I have folders with many many files (e.g. over 100k), some files small (less than 1kb) and some files big (e.g. several MBs).
I would like to use pyspark and scan all the files under these folders, e.g. "C:\Xiang". The file names are, for example, Folder 1:
C:\Xiang\fold1\filename1.txt
C:\Xiang\fold1\filename2.txt
C:\Xiang\fold1\filename3.txt
C:\Xiang\fold1\filename1_.meta.txt
C:\Xiang\fold1\filename2_.meta.txt
...
"fold2", "fold3", ... have similarly structure.

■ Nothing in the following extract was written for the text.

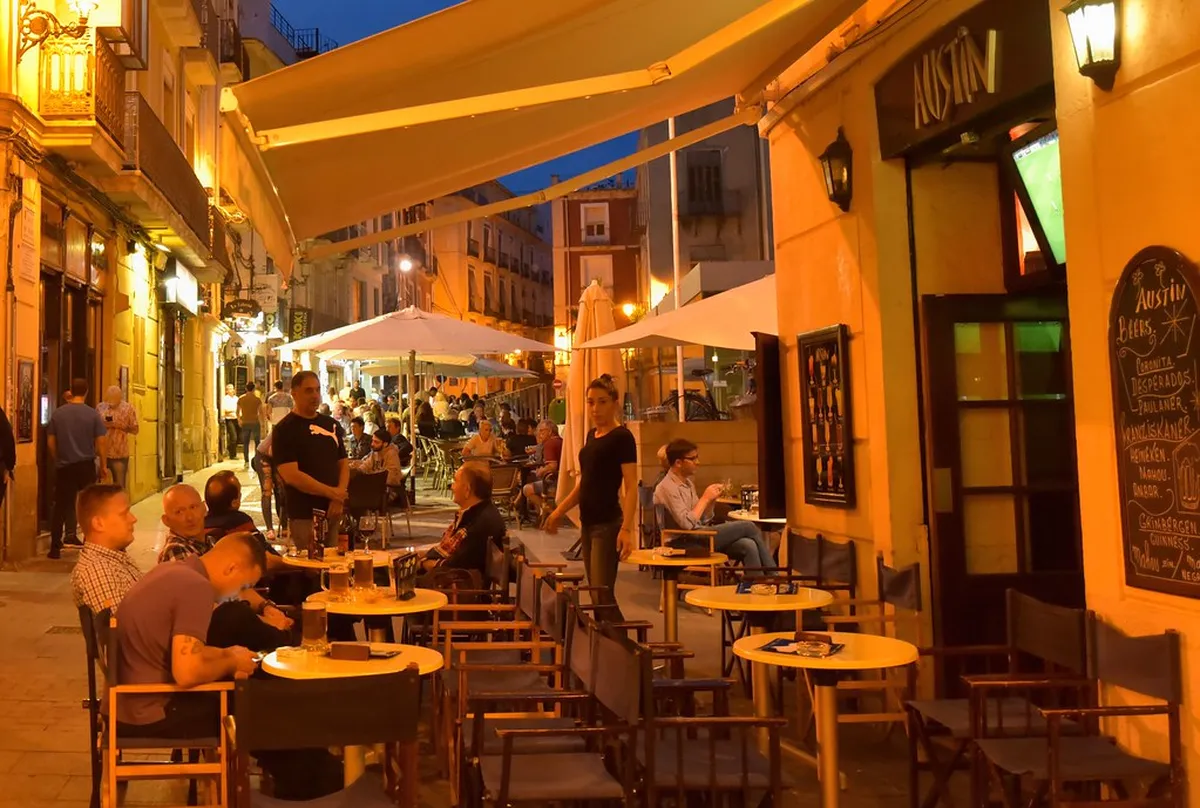 Alicante Nightlife for First-Timers: Your 2025 Guide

I would like to scan all the files under these folders and get the modification time of each file. Ideally, it can be saved into a RDD, with pair as (key, value) with key the filename (e.g. C:\Xiang\filename1.txt) and value the modification time (e.g. 2020-12-16 13:40). So that I could perform further operation on these files, e.g. filter by the modification time and open the selected files. ...
Any idea?
Use pathlib
to get the last modified time and map onto your rdd of file names:
import os
import pathlib
rdd = sc.parallelize(os.listdir("C:\Xiang")) # try slash if backslash doesn't work
rdd2 = rdd.keyBy(lambda x: x).map(lambda f: (f[0], pathlib.Path(f[1]).stat().st_mtime))